В нашей советской жизни праздники редки, а в моей собственной – и вообще не помню такого понятия, таких состояний, разве только в день 50-летия, а то никогда ни воскресений, ни каникул, ни одного безцельного дня. И вот теперь несколько дней просто праздника, без действия. (Впрочем, натолкались и дела – визитами, передаваемыми письмами. Настойчиво устроили нам внезапную встречу с баптистским проповедником Биллом Грэмом, исключительно популярным в Америке, а мне совсем неизвестным. Приходил эмигрант Павел Веселов, ведущий частные следствия против действий ГБ в Швеции, и со своей гипотезой об Эрике Арвиде Андерсене из «Архипелага»[67]67
Об Эрике Арвиде Андерсене, с которым Солженицын встретился на Куйбышевской пересылке в 1950-м, см. в «Архипелаге…»: Собр. соч. Т. 4. С. 459–460 (Ч. II, гл. 1: Корабли Архипелага), 482–484 (гл. 2: Порты Архипелага); Т. 6. С. 362 (Ч. VI, гл. 5: Кончив срок).

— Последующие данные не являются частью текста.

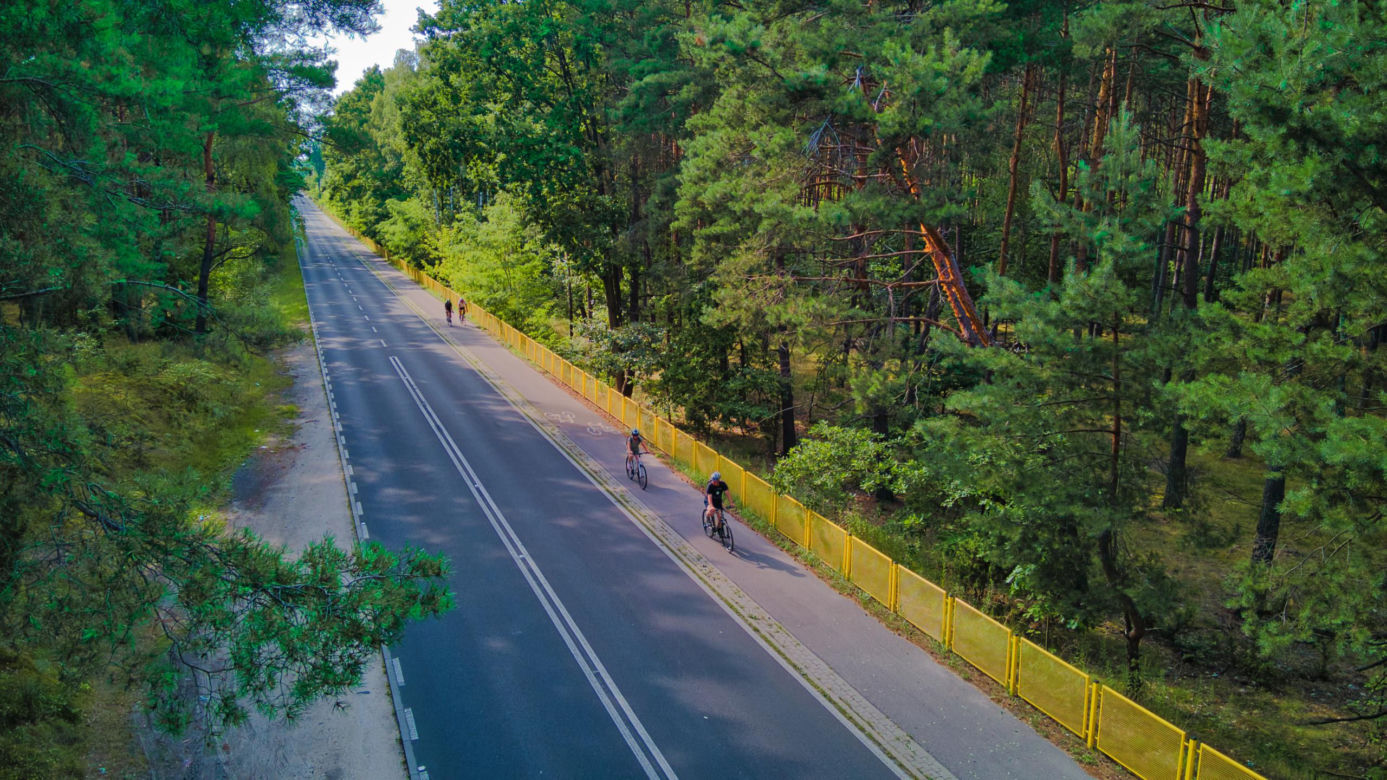 Ścieżki rowerowe Nieporęt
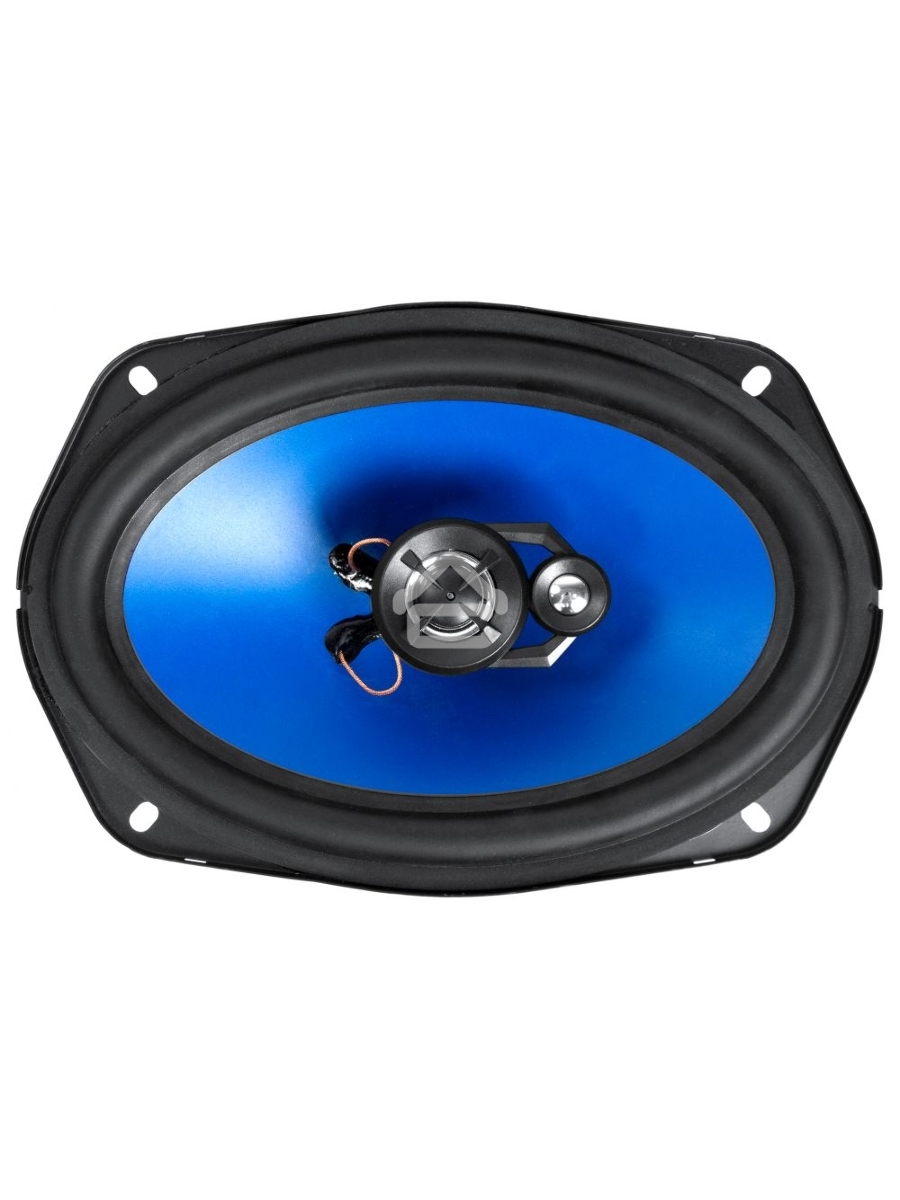 Колонки автомобильные Digma DCA-K693 280Вт 90дБ 4Ом 15x23см (6x9дюйм) (ком.:2кол.) коаксиальные двухполосные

[Закрыть].) Следующий день был совсем свободен от расписания – да день ли? даже после невских берегов поражает стокгольмский зимний день своею краткостью: едва рассвело – уже, смотри, вот и полдень, а чуть за полдень заваля – и темно, в 3 часа дня наверно. В эти дневные сумерки наши дружественные переводчики повезли нас в Скансен. Это – в пределах Стокгольма чудесный национальный заповедник на открытом воздухе: свезенные с разных мест Швеции постройки, кусок деревни, ветряная и водяная мельницы (всё в действии), кузня, скотный двор, домашняя птица, лошади и катанье детей в старинных экипажах, само собой и зоологический сад. Зимою под снегом многое приглушено, но тем ярче и привлекательней старинные жилища с пылающими очагами, раскаткою и печевом лепёшек на очаге, приготовленьем старинных кушаний при свечах, старинными ремёслами – тканьём, вязаньем, вышиваньем, плетеньем, резьбой, продажею народных игрушек, стекла́, – а базарные ряды гудят, и в морозной темноте снимают вам с углей свежежареную рыбу. Все веселятся, а дети более всех.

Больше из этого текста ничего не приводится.